John Gruber’s Anti-Worker Screed

John Gruber wrote an ugly screed in reply to a letter that got leaked to The Verge’s Zoe Schiffer from Apple workers asking for more flexible time at home options. The office workers were told to return to the office three days a week later this year, and they would naturally prefer more flexible schedules. Gruber’s response is really ridiculous, this statement really sums up his attitude:

Companies are not democracies, but the employees writing these letters sure seem to think Apple is one.

I used to read Daring Fireball but stopped in 2019 after the last time I could put up with this bizarre backwards attitudes published there. At that time Gruber conflated a country and everyone in it with their government.

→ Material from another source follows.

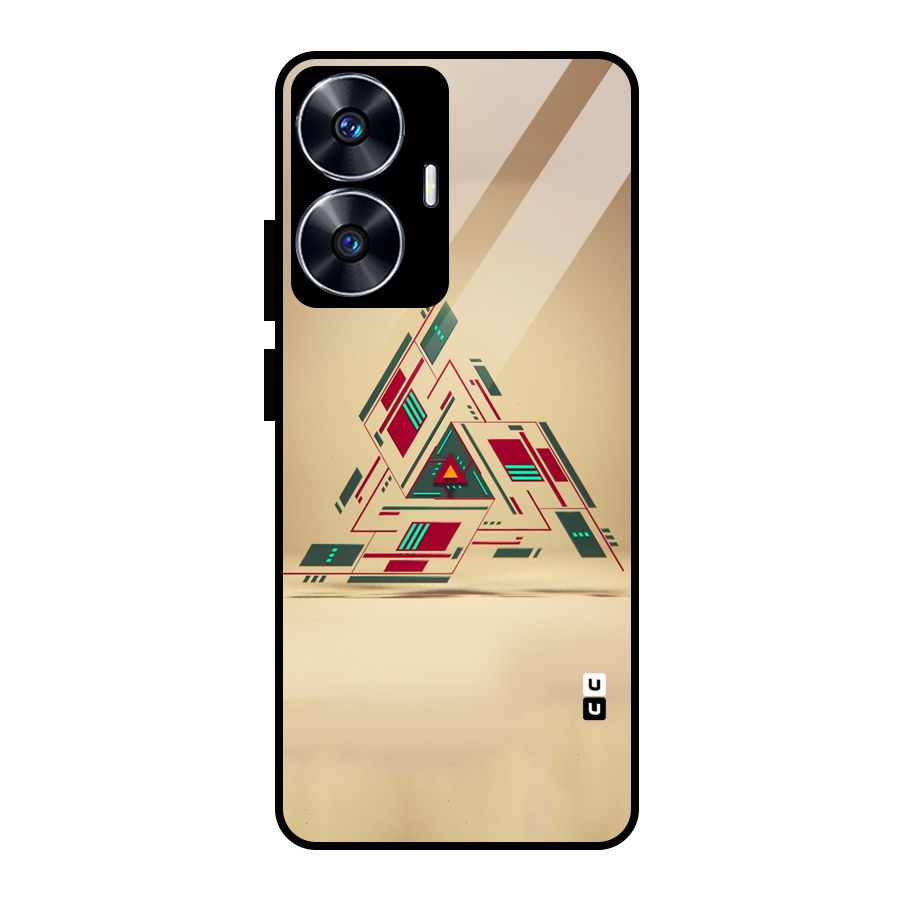 Maze Triangle Glass Back Case for Realme Narzo N55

Gruber wrote this in 2019:

“The Chinese are petty and petulant.”

After reading that I sent a polite e-mail asking that this be corrected at least to “The Chinese government is…” which isn’t even something I’d agree with, but at least separates the government from the people. I doubt Gruber would want to be associated with the United States government from 2016-2020 and said as much.

With that incident in the past I am almost completely unsurprised when I see antiquated anti-worker takes on Daring Fireball. A site where the author writes from home every day at his leisure, with no boss or coworkers. Apple’s leadership has been incredibly flawed since the start, but still produced incredible hardware and software products. These days it should be impossible to overlook the wide injustices inherent to the profit motive that corrupts every business and its leaders, but Gruber has been behind the times for years now and needlessly defends Apple leadership.

Let’s be clear: the workers design and make the products and are the people with the skill to distribute and sell them. The executives steal the profits because the workers aren’t organized. That’s the relationship with every business that isn’t worker-owned or at least unionized.

This is reminiscent of the bag check situation where Apple leadership was dead wrong in not paying their workers fairly for time spent waiting while they were treated like thieves, but even Gruber understood part of the situation then and that was just a year ago.